* _Your assignment_: Word for word, reproduce each line of the data below, omitting every image.

* _Data segment_:
-*-*-
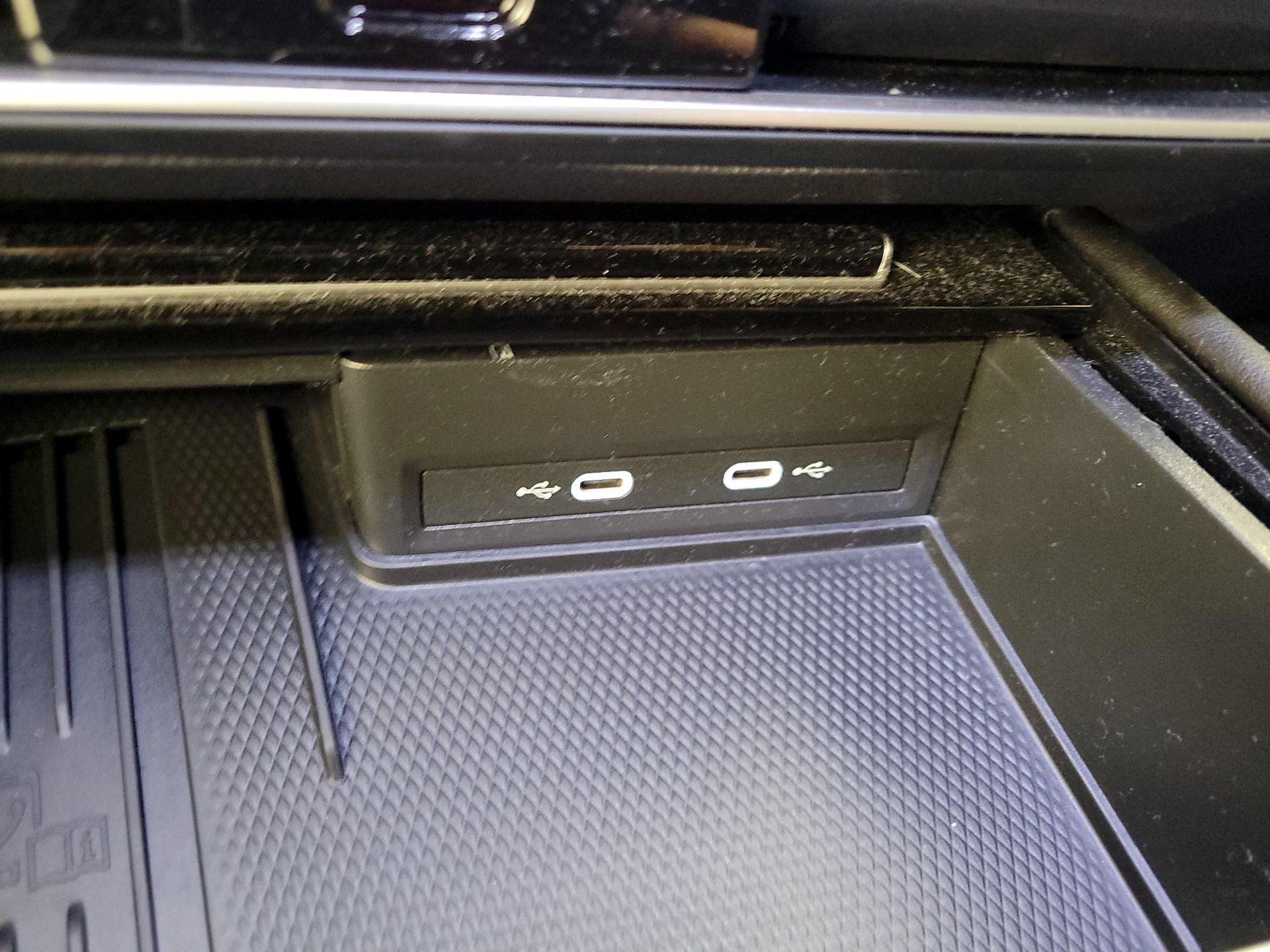 Thumbnail: 2025 Volkswagen Atlas - 18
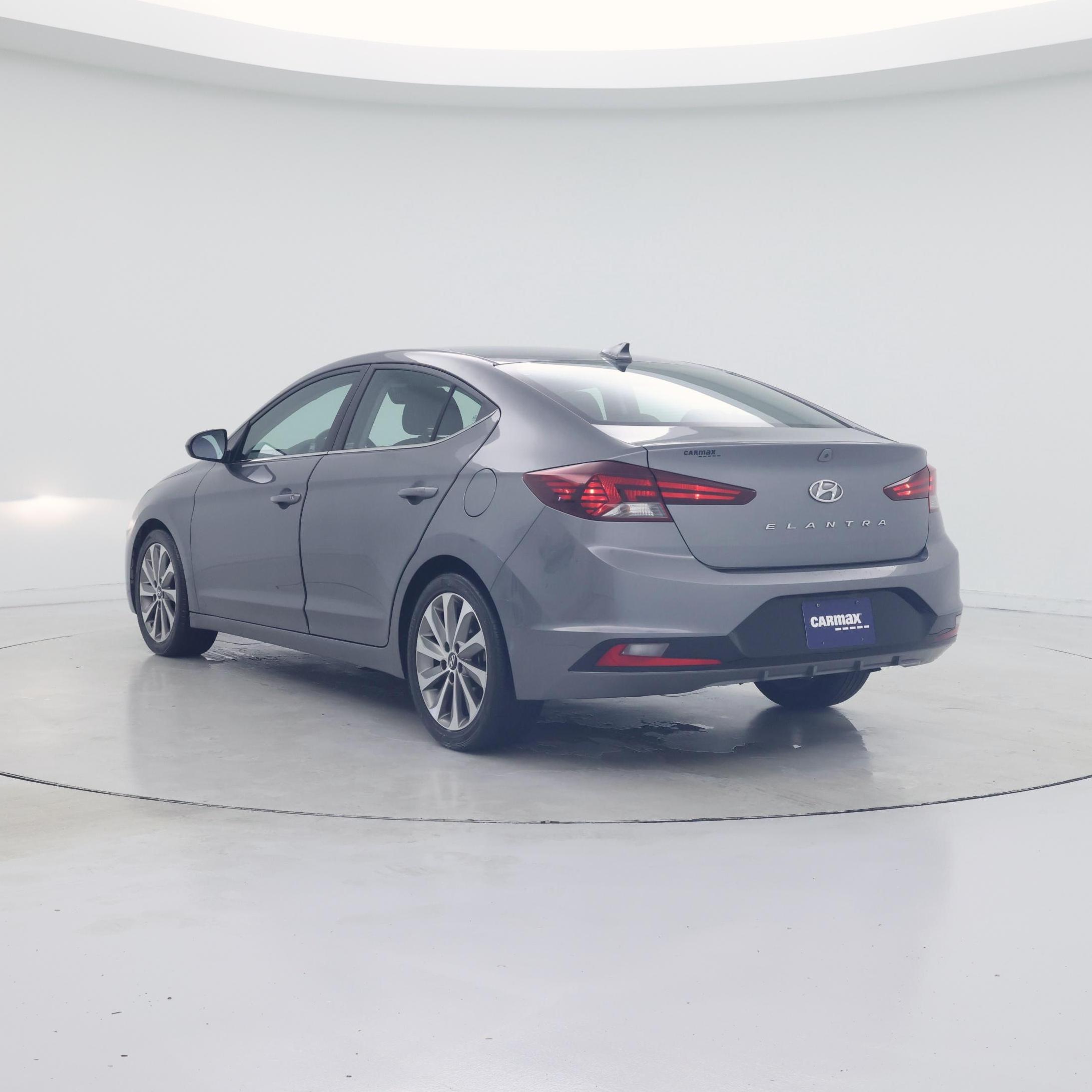 Thumbnail: 2019 Hyundai Elantra - 2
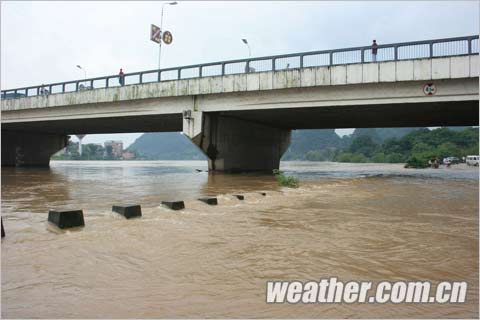 ����ǿ������Ϯ ���ֵ�·��ˮ�ɺӣ�ͼ��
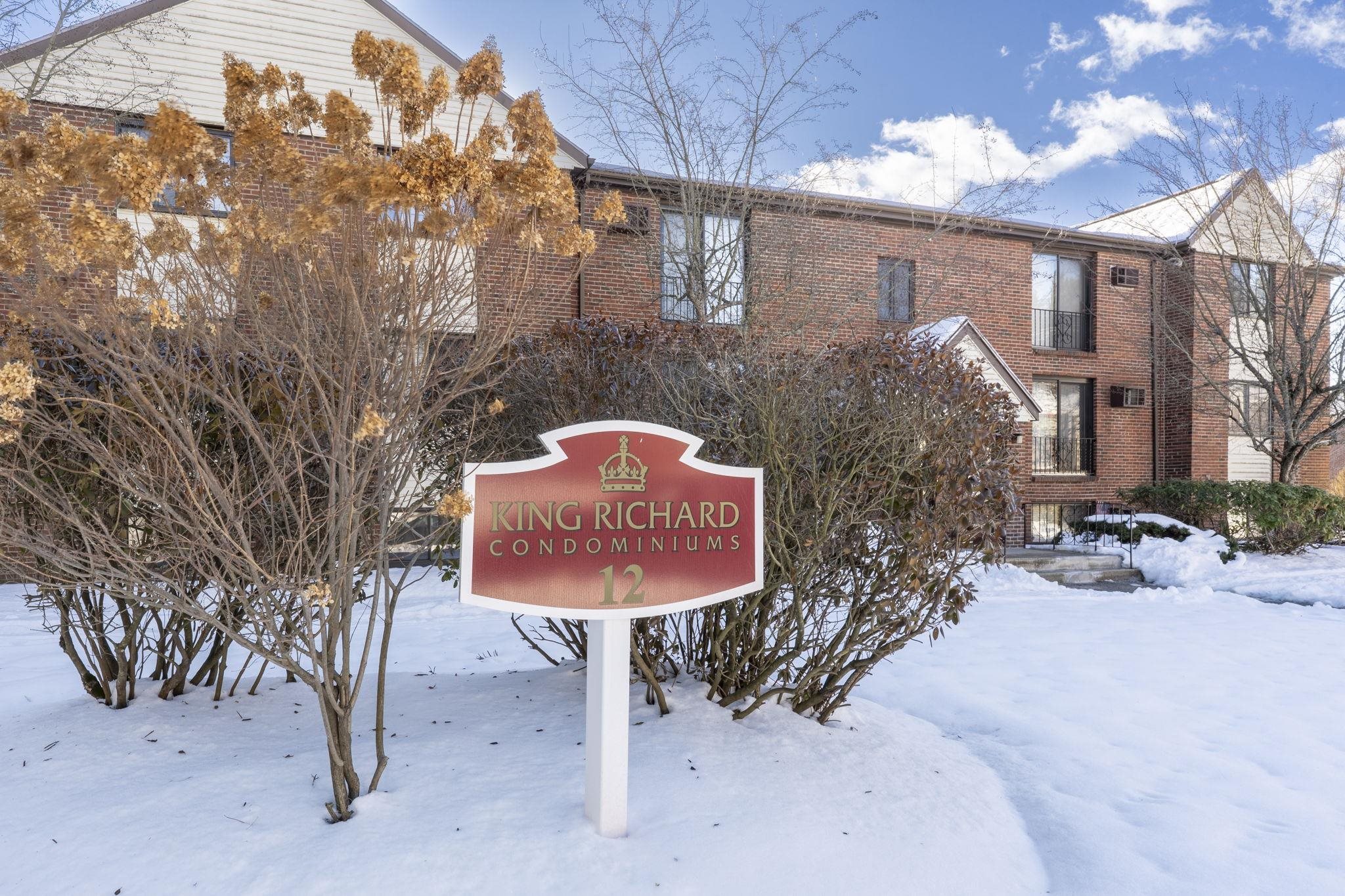 12 English Village Road 201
-*-*-
* _Finished exercise_:
 Thumbnail: 2025 Volkswagen Atlas - 18
 Thumbnail: 2019 Hyundai Elantra - 2
 ����ǿ������Ϯ ���ֵ�·��ˮ�ɺӣ�ͼ��
 12 English Village Road 201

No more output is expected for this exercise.